Proprietary animation software

Presto is the proprietary software developed and used in-house by Pixar Animation Studios in the animation of its features and short films. Presto is not available for sale and is only used by Pixar. As a result, little is known outside Pixar about the detailed workings of this software. Pixar's older proprietary animation software menv (pronounced as "men-vee") — known more commonly by the press as Marionette — was superseded by Presto at some point prior to the 2012 release of Brave, the first feature film animated in Presto. Its sister studio Walt Disney Animation Studios would also adopt the software at some point before the 2025 release of Zootopia 2. Pixar claims that Presto is designed to be intuitive and familiar to animators who have traditional cel animation experience. The logo for Presto was designed by Parakeet, a design studio based in Portland, Oregon. Presto was named after the 2008 animated short of the same name, which itself is about the titular magician character.

Pixar chooses to use a proprietary system instead of the commercial products available and used by other companies because it can edit the software code to meet its own specific needs. One example of this editing is shown in extra features of The Incredibles DVD; it is explained that previous versions of Marionette were not able to stretch models in the ways needed to correctly animate Elastigirl, so the in-house Marionette development team created a new version that included this feature.

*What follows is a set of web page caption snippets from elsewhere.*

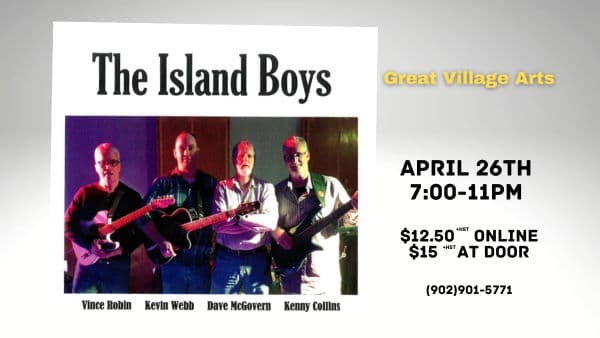 Island Boys - Dance at Great Village Arts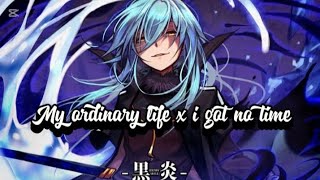 TensuraMy ordinary life x I got no timeAmv [upl. by Slin419]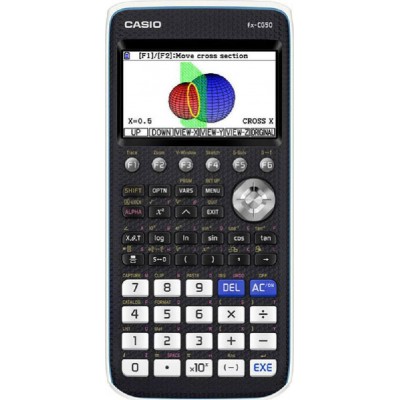 Casio Αριθμομηχανή Γραφημάτων FX-CG50 σε Μαύρο Χρώμα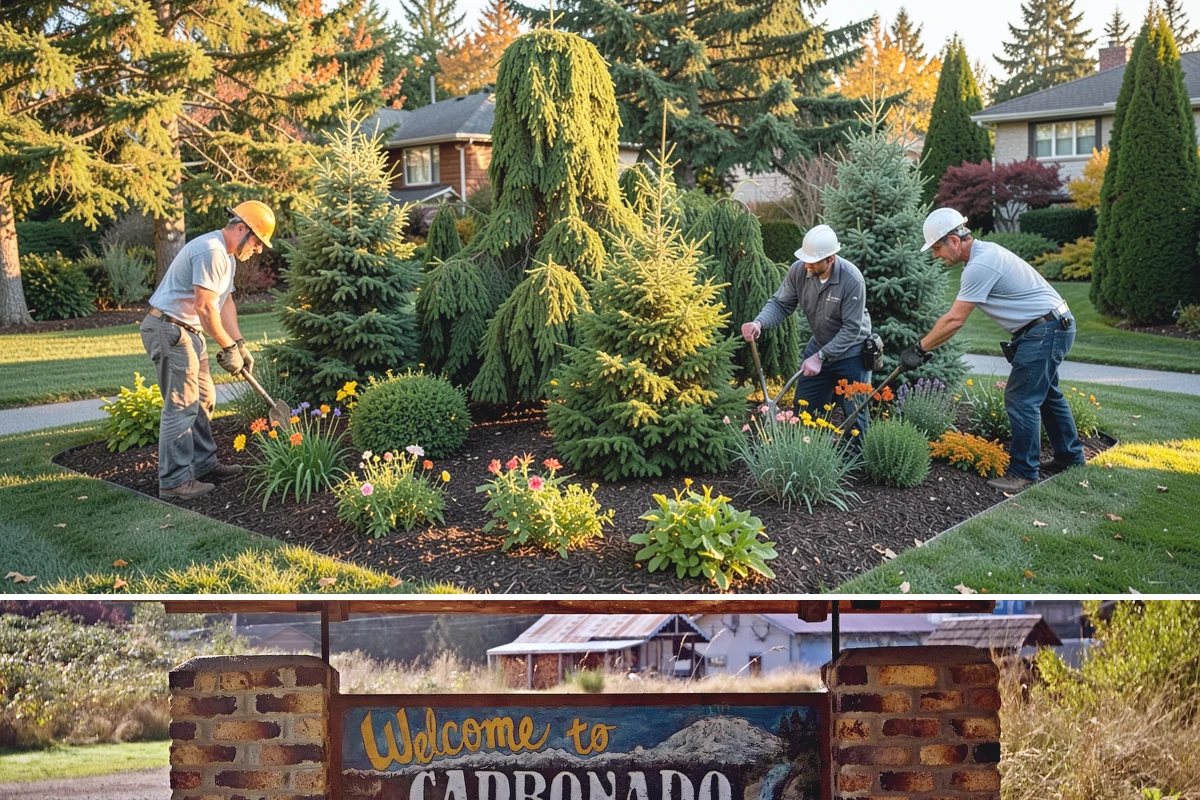 Weekly Lawn Mowing in Carbonado, Pierce County, WA - Weekly service is busiest from April through September when Western Washington growth peaks, then tapers as autumn rains slow the...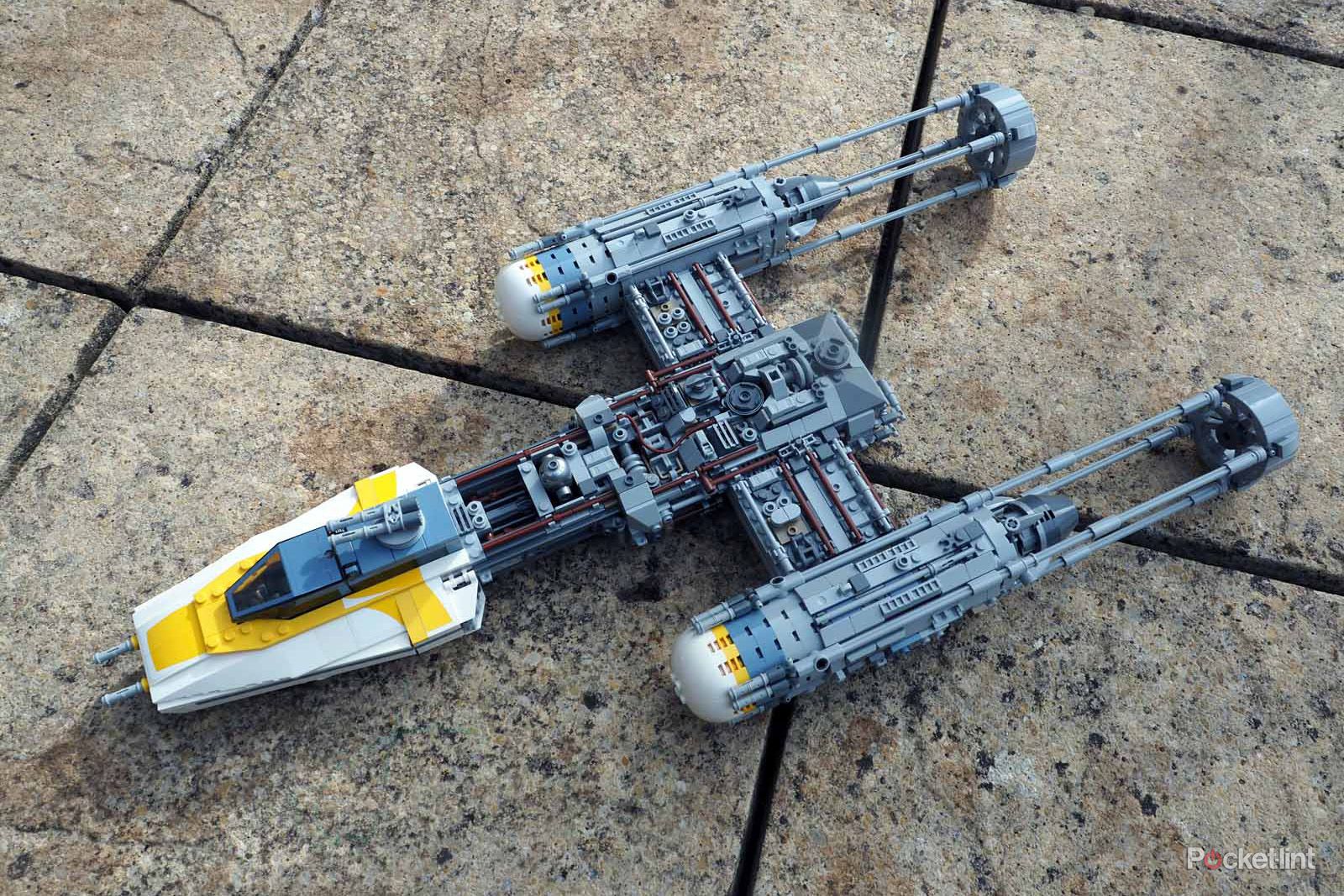 We built Lego's super new Y-Wing Star Wars set!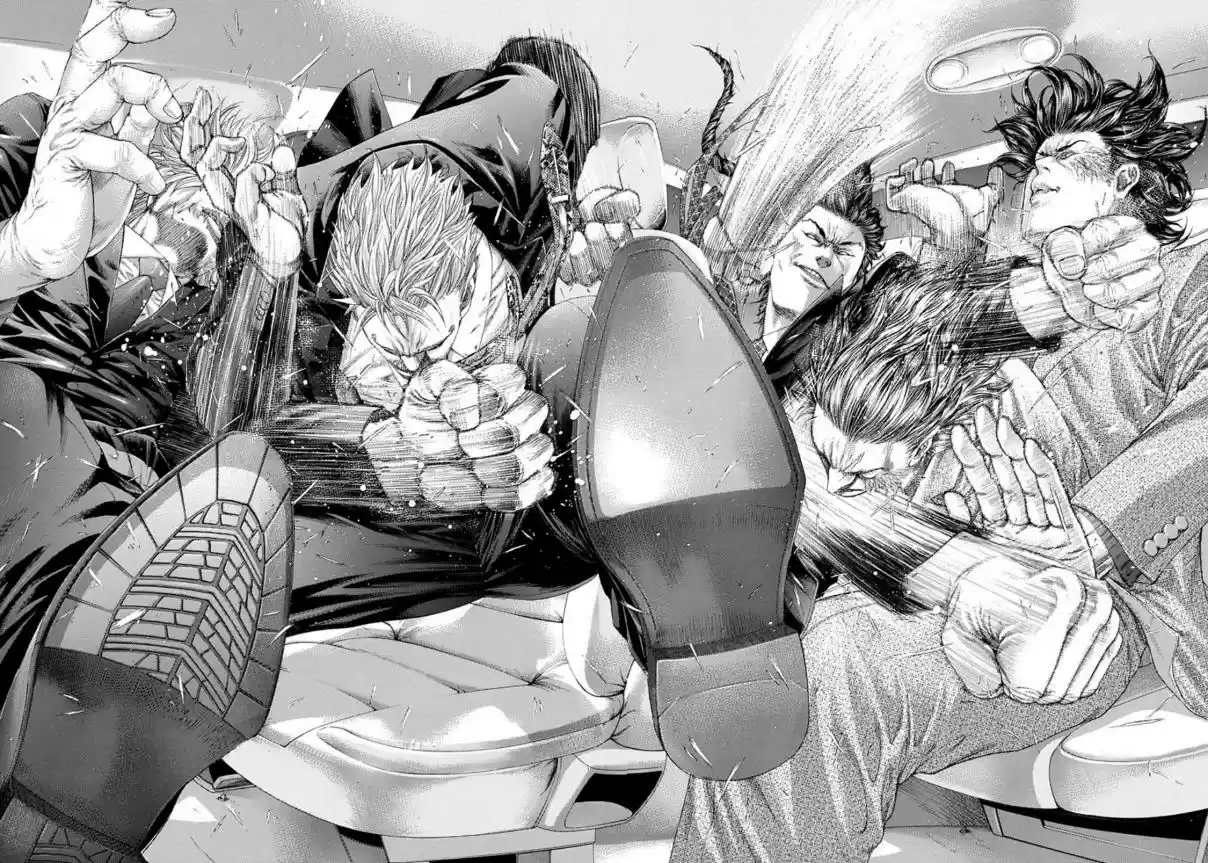 Usogui Vol. 24 Ch. 256 The River Of Death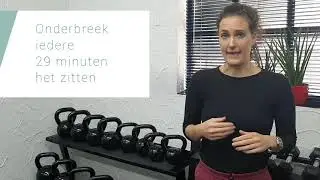 Tips om meer te bewegen en minder te zitten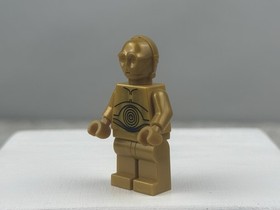 Lego Star Wars C3-P0 Pearl Gold Droid Minifigure - sw0161a 8129 10188 8092 NEW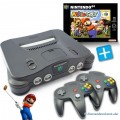 N64 - Konsole + Mario Golf + 2 Controller (gebraucht)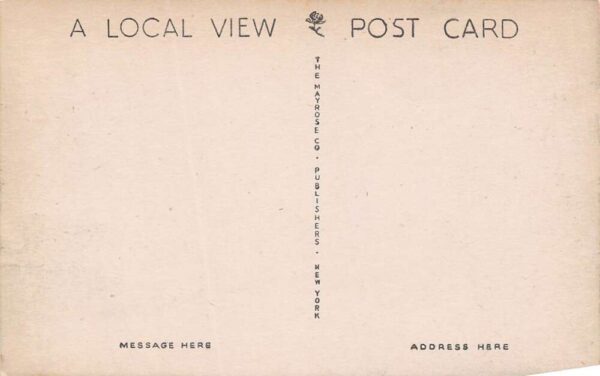 Keyport New Jersey West Front Street Businesses Vintage Postcard U907 - Image 2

In 2018, Patrick Stewart presented Academy Technical Achievement Awards to Rob Jensen for the foundational design and continued development, to Thomas Hahn for the animation toolset, and to George ElKoura, Adam Woodbury and Dirk Van Gelder for the high-performance execution engine of the Presto Animation System.
The Academy of Motion Picture Arts and Sciences award announcement stated "Presto allows artists to work interactively in scene context with full-resolution geometric models and sophisticated rig controls, and has significantly increased the productivity of character animators at Pixar."